Is there a way to obtain a similar level of assurance before switching
to an administrator account? I've followed the procedure at both
URL's. I know that Symantec AV *doesn't* catch this malware as of
today.

> > Why didn't you add alt.comp.virus to this post since you knew to Cross-Post ?
> > Afterthought maybe ?
>
> I didn't know it existed when I made the initial post.  It seems to
> target the same audience as a.c.av, so it seems to makes sense to
> combine them all.
>
> I was going to follow both cleanup procedures, but I was wondering if
> those more experienced than I (and maybe those who have seen this
> malware before) could shed some light on questions (1) to (3).

From: AndyHancock on
On Apr 8, 1:14 am, AndyHancock <andymhanc...(a)gmail.com> wrote:
> On Apr 7, 10:28 pm, AndyHancock <andymhanc...(a)gmail.com> wrote:
>
>
>
>
>
> > On Apr 7, 6:21 pm, "David H. Lipman" <DLipman~nosp...(a)Verizon.Net>
> > wrote:
>
> > > From: "AndyHancock" <andymhanc...(a)gmail.com>
>
> > > | I picked up the (seemingly new) "Antivirus Suite" malware,
> > > |http://www.spywareremove.com/removeAntivirusSuite.html.  Every time I
> > > | tried to launch any exe, I got a bogus infection message and denial of
> > > | execution.  This includes any indirect launching of "C:\Program Files
> > > | \Symantec AntiVirus\VPC32.exe" by right-clicking Symantec on the
> > > | system tray and choosing "Open Symantec Antivirus".  No scanning was
> > > | possible.
>
> > > | I was followed step 1 in the above URL to kill the offending process.
> > > | I could then run Symantec AV, but initiating a scan caused the error
> > > | in
> > > |http://service1.symantec.com/SUPPORT/ent-security.nsf/dbe87fe9662c16e...
> > > | 5bfc1a720f52435988256fb9007a3a9e.
> > > | Restarting the service solved that problem.  The scan did not find
> > > | anything.  I noted that Tamper Protection was turned off (not sure if
> > > | it was before) and turned it on.  (1) Would this have prevented the
> > > | interruption of the Symantec AV service?  (2) Would it have prevented
> > > | the malware executable that was removed in Step 1?
>
> > > | I am now following through with the remainder of the steps.  I am not
> > > | whether the null hits from scanning is due to removal of all vestiges
> > > | of the malware or because the Symantec AV database does not recognize
> > > | this malware.  The AV database was up to date as of this morning.  (3)
> > > | Is there a way to determine whether this malware is in the AV
> > > | database?
>
> > > | Thanks.
>
> > > | P.S. A different cleanup routine found at
> > > |http://www.bleepingcomputer.com/virus-removal/remove-antivirus-suite..
>
> > > Follow the directions noted at BleepingComputer.Com including
> > > the use of Malwarebytes' anti malware
>
> The mbam installation requires login as administrator.  I'm trying to
> avoid logging in as admin until I've gone through all possible steps
> as nonadmin (which is that state under which the infection occurred).
> Is there a way to obtain a similar level of assurance before switching
> to an administrator account?  I've followed the procedure at both
> URL's.  I know that Symantec AV *doesn't* catch this malware as of
> today.

I bit the bullet and installed mbam as admin.

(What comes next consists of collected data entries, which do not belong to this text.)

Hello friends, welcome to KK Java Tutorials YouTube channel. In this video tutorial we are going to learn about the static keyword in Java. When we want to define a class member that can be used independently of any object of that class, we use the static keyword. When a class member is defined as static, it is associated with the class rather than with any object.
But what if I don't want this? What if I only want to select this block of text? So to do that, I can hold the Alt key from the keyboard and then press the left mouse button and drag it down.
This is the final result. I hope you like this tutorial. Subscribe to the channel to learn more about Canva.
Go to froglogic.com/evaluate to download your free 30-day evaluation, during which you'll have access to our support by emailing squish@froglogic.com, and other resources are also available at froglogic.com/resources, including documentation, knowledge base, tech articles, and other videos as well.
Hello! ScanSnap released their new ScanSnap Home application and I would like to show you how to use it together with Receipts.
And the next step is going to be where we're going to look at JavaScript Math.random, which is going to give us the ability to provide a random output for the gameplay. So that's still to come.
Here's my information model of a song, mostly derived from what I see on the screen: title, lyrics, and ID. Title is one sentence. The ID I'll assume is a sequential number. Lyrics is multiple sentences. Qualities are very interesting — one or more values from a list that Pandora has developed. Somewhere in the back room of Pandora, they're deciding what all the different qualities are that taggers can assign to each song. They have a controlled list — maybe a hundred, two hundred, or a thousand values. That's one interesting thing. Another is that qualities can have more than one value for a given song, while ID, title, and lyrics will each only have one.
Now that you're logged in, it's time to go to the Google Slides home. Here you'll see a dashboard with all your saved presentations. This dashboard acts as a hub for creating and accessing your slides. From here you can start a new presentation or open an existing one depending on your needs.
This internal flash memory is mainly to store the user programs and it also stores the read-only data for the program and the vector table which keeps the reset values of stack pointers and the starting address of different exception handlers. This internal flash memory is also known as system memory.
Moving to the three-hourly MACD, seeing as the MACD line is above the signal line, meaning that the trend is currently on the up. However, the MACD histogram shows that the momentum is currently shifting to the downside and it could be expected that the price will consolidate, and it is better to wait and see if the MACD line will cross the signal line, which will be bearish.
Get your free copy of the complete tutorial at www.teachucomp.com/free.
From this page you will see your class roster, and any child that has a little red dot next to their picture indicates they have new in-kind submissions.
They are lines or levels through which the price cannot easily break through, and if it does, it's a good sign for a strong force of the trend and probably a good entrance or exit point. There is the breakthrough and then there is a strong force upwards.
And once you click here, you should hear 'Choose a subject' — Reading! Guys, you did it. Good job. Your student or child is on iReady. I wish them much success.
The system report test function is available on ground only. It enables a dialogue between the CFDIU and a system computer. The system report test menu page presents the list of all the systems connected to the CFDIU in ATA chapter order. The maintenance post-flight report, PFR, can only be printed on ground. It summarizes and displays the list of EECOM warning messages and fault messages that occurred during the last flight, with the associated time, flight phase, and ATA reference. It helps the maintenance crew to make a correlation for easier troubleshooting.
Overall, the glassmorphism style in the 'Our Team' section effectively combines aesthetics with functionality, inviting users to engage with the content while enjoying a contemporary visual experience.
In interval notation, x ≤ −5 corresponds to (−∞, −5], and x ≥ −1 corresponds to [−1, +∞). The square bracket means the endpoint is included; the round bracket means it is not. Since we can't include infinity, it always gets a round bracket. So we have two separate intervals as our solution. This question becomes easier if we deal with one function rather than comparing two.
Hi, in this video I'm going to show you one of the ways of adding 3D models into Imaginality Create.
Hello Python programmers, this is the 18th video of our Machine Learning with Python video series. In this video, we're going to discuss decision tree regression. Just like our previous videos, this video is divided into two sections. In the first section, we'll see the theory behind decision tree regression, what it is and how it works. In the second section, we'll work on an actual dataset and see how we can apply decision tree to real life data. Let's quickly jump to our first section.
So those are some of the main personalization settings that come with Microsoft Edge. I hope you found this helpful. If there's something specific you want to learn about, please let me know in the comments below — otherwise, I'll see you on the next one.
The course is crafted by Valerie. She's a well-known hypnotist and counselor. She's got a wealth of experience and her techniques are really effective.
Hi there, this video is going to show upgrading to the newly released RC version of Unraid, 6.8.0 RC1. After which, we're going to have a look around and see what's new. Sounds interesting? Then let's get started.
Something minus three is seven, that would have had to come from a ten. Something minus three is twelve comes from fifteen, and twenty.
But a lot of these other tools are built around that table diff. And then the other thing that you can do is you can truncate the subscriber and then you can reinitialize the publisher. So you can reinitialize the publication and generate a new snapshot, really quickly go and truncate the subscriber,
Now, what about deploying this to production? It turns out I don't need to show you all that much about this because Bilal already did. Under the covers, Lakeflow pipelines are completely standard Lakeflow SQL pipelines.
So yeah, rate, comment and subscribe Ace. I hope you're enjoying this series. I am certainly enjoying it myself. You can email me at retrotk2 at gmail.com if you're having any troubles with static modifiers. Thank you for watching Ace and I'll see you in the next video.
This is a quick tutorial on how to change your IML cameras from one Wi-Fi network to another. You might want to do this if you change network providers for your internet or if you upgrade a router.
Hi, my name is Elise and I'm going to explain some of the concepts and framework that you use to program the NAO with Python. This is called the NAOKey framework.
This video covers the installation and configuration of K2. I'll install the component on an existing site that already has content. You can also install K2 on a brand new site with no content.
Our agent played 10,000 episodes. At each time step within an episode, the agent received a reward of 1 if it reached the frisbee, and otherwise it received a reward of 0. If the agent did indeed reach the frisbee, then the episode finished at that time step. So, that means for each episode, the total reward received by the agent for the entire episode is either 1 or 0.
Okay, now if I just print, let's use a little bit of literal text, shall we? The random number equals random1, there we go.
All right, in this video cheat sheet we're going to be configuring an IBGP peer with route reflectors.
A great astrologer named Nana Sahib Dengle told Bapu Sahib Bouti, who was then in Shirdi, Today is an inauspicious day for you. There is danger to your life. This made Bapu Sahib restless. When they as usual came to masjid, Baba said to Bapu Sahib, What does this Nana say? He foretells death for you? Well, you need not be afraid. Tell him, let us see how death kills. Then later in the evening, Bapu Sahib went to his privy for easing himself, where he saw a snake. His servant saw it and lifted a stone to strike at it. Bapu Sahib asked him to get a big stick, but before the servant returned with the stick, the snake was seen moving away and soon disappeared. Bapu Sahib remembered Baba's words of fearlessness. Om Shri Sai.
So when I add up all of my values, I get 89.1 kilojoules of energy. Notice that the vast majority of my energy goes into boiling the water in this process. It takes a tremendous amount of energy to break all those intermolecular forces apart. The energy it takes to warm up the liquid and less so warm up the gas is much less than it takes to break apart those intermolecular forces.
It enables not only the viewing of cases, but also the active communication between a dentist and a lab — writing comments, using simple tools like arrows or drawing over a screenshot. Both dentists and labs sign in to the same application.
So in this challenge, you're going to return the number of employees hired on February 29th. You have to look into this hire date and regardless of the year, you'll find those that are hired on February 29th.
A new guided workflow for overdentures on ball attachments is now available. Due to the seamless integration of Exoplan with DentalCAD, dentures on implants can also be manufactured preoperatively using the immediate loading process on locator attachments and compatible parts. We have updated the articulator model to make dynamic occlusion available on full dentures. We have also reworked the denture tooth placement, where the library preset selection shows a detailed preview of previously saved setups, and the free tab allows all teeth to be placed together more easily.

Currently scanning.
Would you (or anyone else) know if scanning under an admin account
allows the AV to scan user account files? This is something I've
always wondered about antimalware and defrag apps.

> > > Why didn't you add alt.comp.virus to this post since you knew to Cross-Post ?
> > > Afterthought maybe ?
>
> > I didn't know it existed when I made the initial post.  It seems to
> > target the same audience as a.c.av, so it seems to makes sense to
> > combine them all.
>
> > I was going to follow both cleanup procedures, but I was wondering if
> > those more experienced than I (and maybe those who have seen this
> > malware before) could shed some light on questions (1) to (3).